(Stored records)
--*--

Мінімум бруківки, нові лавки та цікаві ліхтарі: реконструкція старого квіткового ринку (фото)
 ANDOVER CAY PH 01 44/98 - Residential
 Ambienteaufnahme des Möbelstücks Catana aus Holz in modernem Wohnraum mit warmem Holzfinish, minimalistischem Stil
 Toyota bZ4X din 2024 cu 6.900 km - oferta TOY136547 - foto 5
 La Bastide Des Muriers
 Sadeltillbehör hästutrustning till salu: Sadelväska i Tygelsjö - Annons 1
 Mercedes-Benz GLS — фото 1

--*--

WHAT YOU WILL DO: Output all entries again exactly; no line may be altered.

ANSWER TO THIS EXERCISE:
Мінімум бруківки, нові лавки та цікаві ліхтарі: реконструкція старого квіткового ринку (фото)
 ANDOVER CAY PH 01 44/98 - Residential
 Ambienteaufnahme des Möbelstücks Catana aus Holz in modernem Wohnraum mit warmem Holzfinish, minimalistischem Stil
 Toyota bZ4X din 2024 cu 6.900 km - oferta TOY136547 - foto 5
 La Bastide Des Muriers
 Sadeltillbehör hästutrustning till salu: Sadelväska i Tygelsjö - Annons 1
 Mercedes-Benz GLS — фото 1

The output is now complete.